* [Activity]
In the entries below, which lines run from the one containing "Did you know" to the one containing "Winterzeit ist Gulaschzeit"? Copy exactly those lines, ends included, and no others.

* [Extracted material]
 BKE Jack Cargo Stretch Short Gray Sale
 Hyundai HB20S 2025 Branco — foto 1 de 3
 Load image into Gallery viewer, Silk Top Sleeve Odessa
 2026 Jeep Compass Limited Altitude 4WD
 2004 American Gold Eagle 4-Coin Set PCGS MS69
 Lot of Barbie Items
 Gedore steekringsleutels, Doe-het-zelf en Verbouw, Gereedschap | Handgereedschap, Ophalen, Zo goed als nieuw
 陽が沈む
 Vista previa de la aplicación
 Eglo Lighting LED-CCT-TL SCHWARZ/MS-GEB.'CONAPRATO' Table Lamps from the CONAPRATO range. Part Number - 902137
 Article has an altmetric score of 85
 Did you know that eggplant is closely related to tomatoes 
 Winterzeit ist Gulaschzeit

...

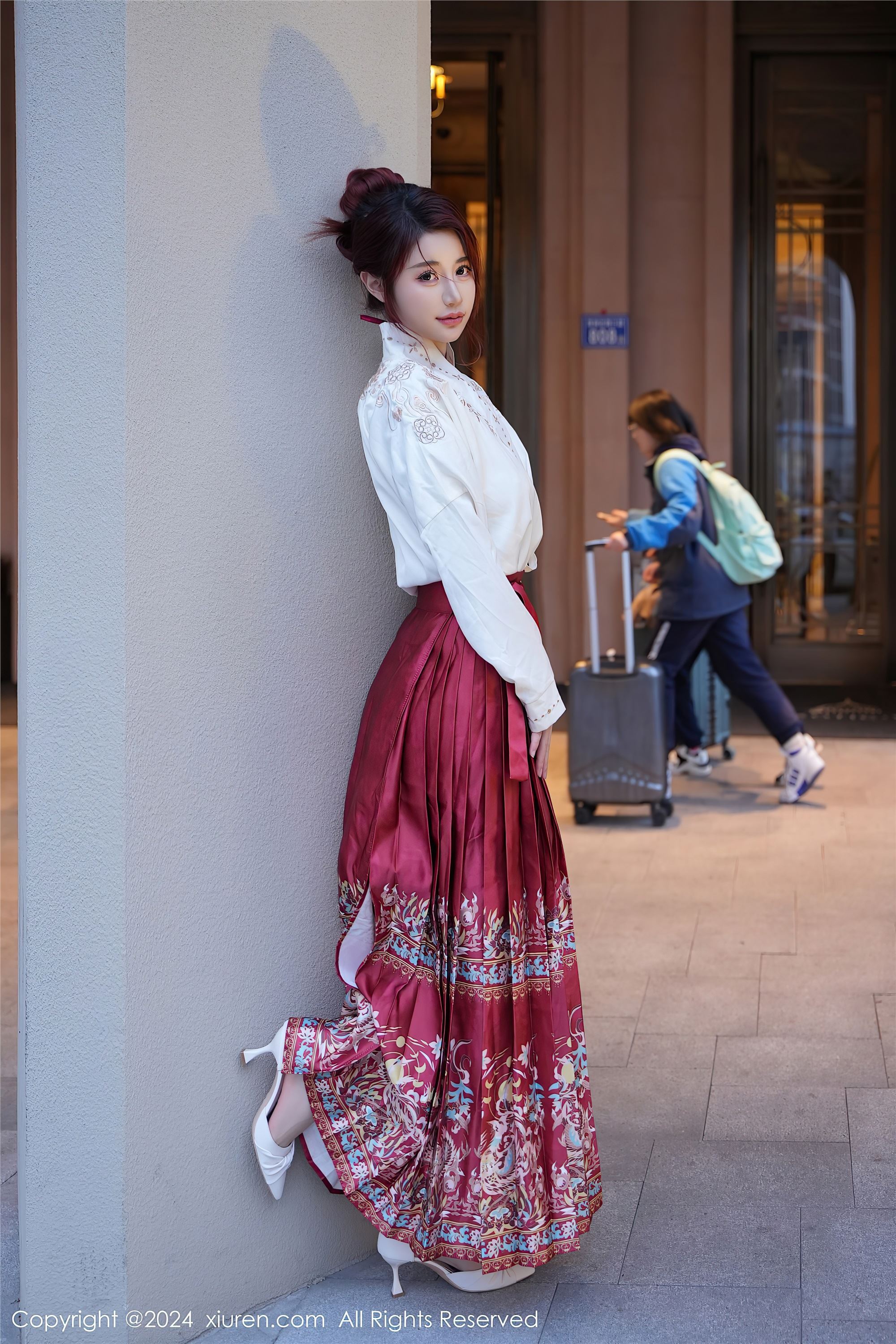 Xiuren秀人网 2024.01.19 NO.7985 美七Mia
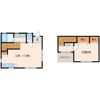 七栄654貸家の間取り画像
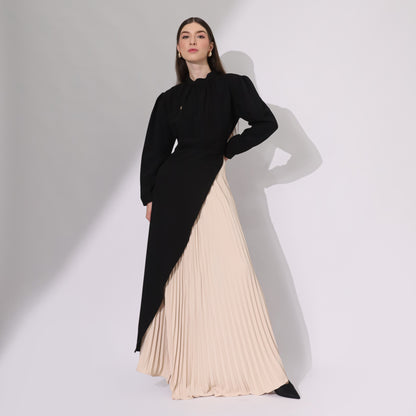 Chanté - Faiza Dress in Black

* [Your solution]
 Did you know that eggplant is closely related to tomatoes 
 Winterzeit ist Gulaschzeit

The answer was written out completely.